The Little Sisters, Disciples of the Lamb
In France, the Little Sisters, Disciples of the Lamb, is a religious community that has “adapted itself to Down’s syndrome and to the experience of religious life with a handicap.”
The community is the only one in the world known to invite women with Down syndrome to enter religious life as full members of a religious institute.
The Church cannot be voiceless or out of tune in the defence and promotion of people with disabilities. Her closeness to the families helps them to overcome the loneliness that often risks closing them off for want of attention and support. This applies even more so due to her responsibility with regard to generating and forming the Christian life. The community must not lack the words and above all the gestures for encountering and welcoming people with disabilities. The Sunday Liturgy, especially, must be able to include them, so that the encounter with the Risen Lord and with the community itself may be a source of hope and courage in the difficult journey of life.

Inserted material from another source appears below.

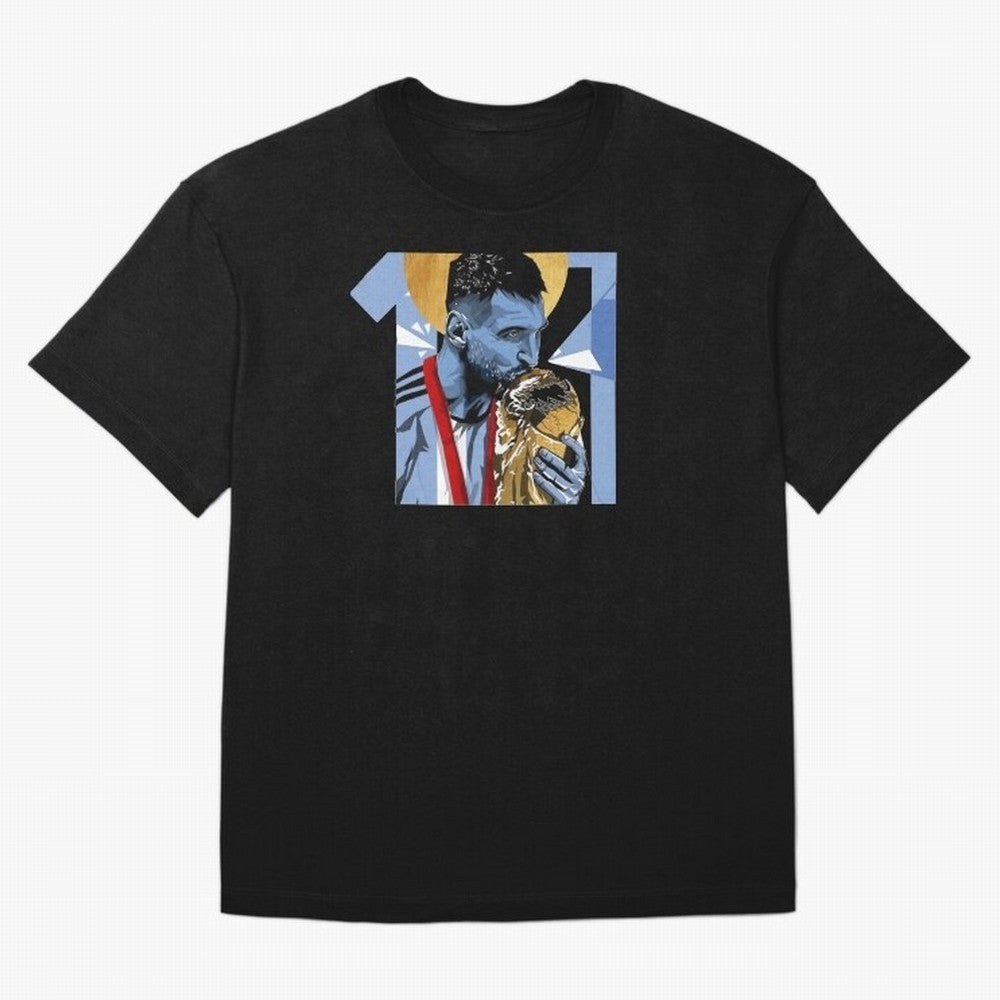 Messi goat Classic T-Shirt Celebrate Golden Goal Energy in Global Football Passion for FIFA World Cup 2026, Highlighting Mbappe, Spain and Netherlands, Retro Football Energy, Iconic Rivalries, Trophy Chase Drama and Stadium Atmosphere; Perfect for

Let us learn to overcome the discomfort and fear that at times we can feel toward persons with disabilities. Let us learn to seek and also to intelligently “invent” appropriate tools so that no one lacks the support of grace. Let us form — first of all by example! — catechists ever more able to accompany these persons so they may grow in faith and give their genuine and original contribution to the life of the Church.
“My brother George”
Archbishop Joseph Kurtz remembers his brother George, who had Down syndrome.
Pope St. John Paul II
The starting point for every reflection on disability is rooted in the fundamental convictions of Christian anthropology: even when disabled persons are mentally impaired or when their sensory or intellectual capacity is damaged, they are fully human beings and possess the sacred and inalienable rights that belong to every human creature. …. The disabled person, with all the limitations and suffering that scar him or her, forces us to question ourselves, with respect and wisdom, on the mystery of man. In fact, the more we move about in the dark and unknown areas of human reality, the better we understand that it is in the more difficult and disturbing situations that the dignity and grandeur of the human being emerges.
The wounded humanity of the disabled challenges us to recognize, accept and promote in each one of these brothers and sisters of ours the incomparable value of the human being created by God to be a son in the Son.
Theology of Disability
Dr. Miguel Romero, a theologian at Salve Regina University, on the gift of vulnerability, and his brother. (Yes, that’s The Pillar’s JD Flynn introducing him.)
Disability: A Thread for Weaving Joy
A friend of mine has a son with Down syndrome, and she calls him a “sniffer of souls.” I know him, and it’s true. He is. He may have an IQ of 47, and he’ll never read The Brothers Karamazov, but he has a piercingly quick sense of the people he meets. He knows when he’s loved—and he knows when he’s not. Ultimately, I think we’re all like her son. We hunger for people to confirm that we have meaning by showing us love. We need that love. And we suffer when that love is withheld.
“I am a man with Down syndrome, and my life is worth living”
Frank Stephens speaks eloquently on life with Down syndrome.
“I am not a research scientist. But no one knows more about life with Down syndrome than I do.”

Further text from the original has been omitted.